In mid-December, I warned Roku, Inc. (NASDAQ:ROKU) investors that ROKU’s FOMO surge wasn’t sustainable as it surged into well-overvalued zones. As a result, a further valuation re-rating would have required the company to deliver significant outperformance to justify such a move. With ROKU down nearly 30% from my previous Sell article as it underperformed the S&P 500 (SPX) (SPY) significantly, I consider the thesis to have played out accordingly.
So what happened that led to ROKU investors deciding to bail out of the stock post-earnings, notwithstanding a decent fourth-quarter earnings release by Roku? Moreover, Roku’s forward guidance also suggests a positive outlook. Investors who paid close attention to Roku’s earnings call would have gleaned management’s less sanguine commentary over the growth momentum of its media and entertainment or M&E vertical. Roku’s core M&E segment is pivotal to the health and profitability of its platform business. As a result, I believe it’s justified that any less-than-perfect commentary to justify ROKU’s expensive valuation should lead to a more defensive “sell first, ask questions later” posture. Investors sitting on substantial gains from ROKU’s November 2023 lows ($55 level) likely took profit to protect their gains.
Accordingly, management seemed optimistic during its conference call, suggesting that Roku has diversified its business model beyond M&E spending. However, the market’s negative reaction suggests investors aren’t convinced unless Roku could provide more clarity over the slowdown and impact on full-year profitability.
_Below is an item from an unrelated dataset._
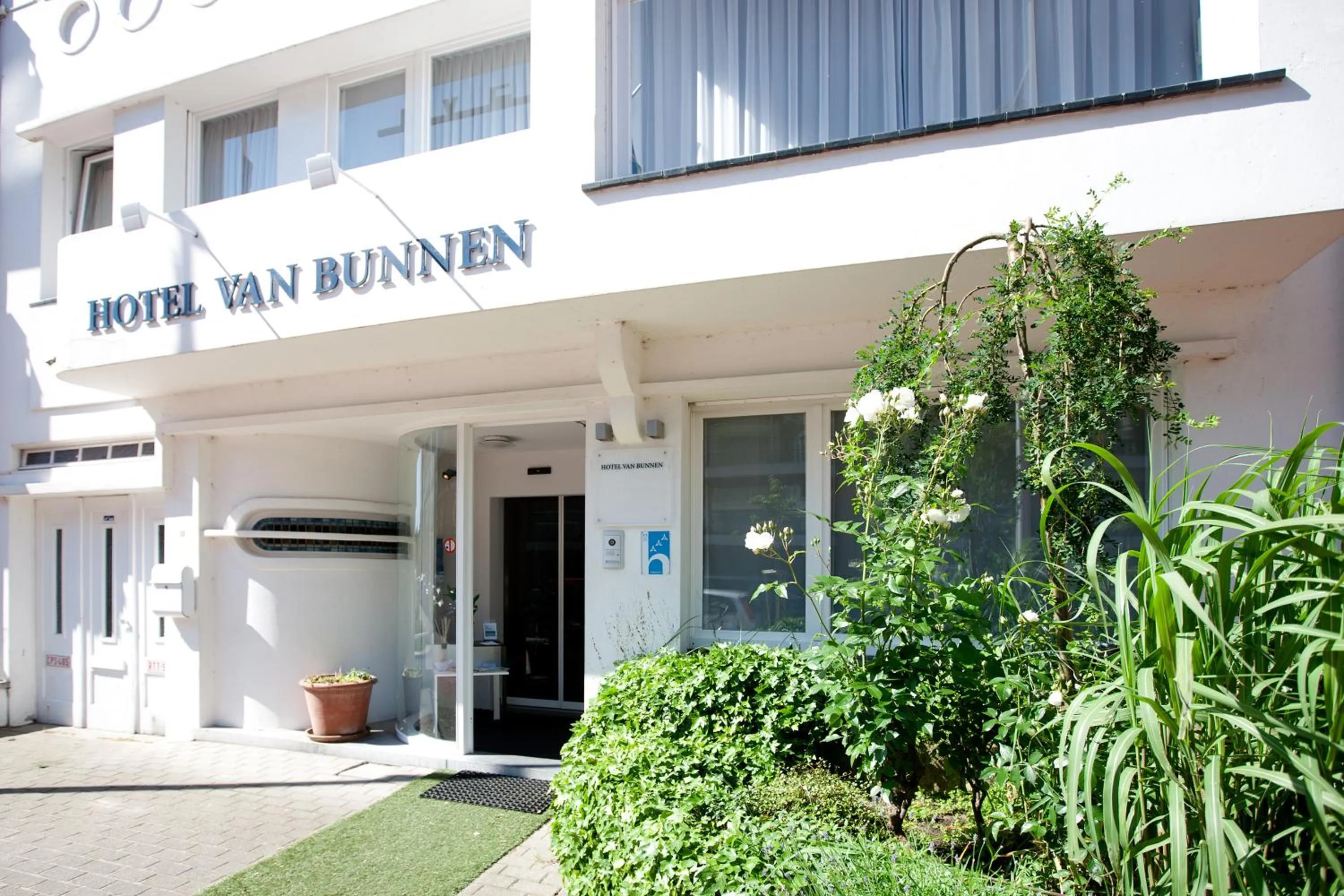 Facade/entrance in Hotel Van Bunnen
Roku has committed to balancing growth and profitability in 2024, paying more attention to its free cash flow improvement. Despite that, the lack of clear growth guidance on full-year adjusted EBITDA likely worried investors.
Accordingly, Roku telegraphed that it has aimed to post “further improvements in adjusted EBITDA for full-year 2024.” In addition, the company highlighted that YoY comps could be more challenging, as it anticipates “challenges in the M&E environment for the rest of the year.”
I believe that likely caught analysts and the market by surprise, as some analysts peppered management with questions relating to M&E spend. As a result, I think it suggests further growth in adjusted EBITDA for FY24 could prove to be much more challenging than anticipated, suggesting 2024 could potentially be a flat year at best.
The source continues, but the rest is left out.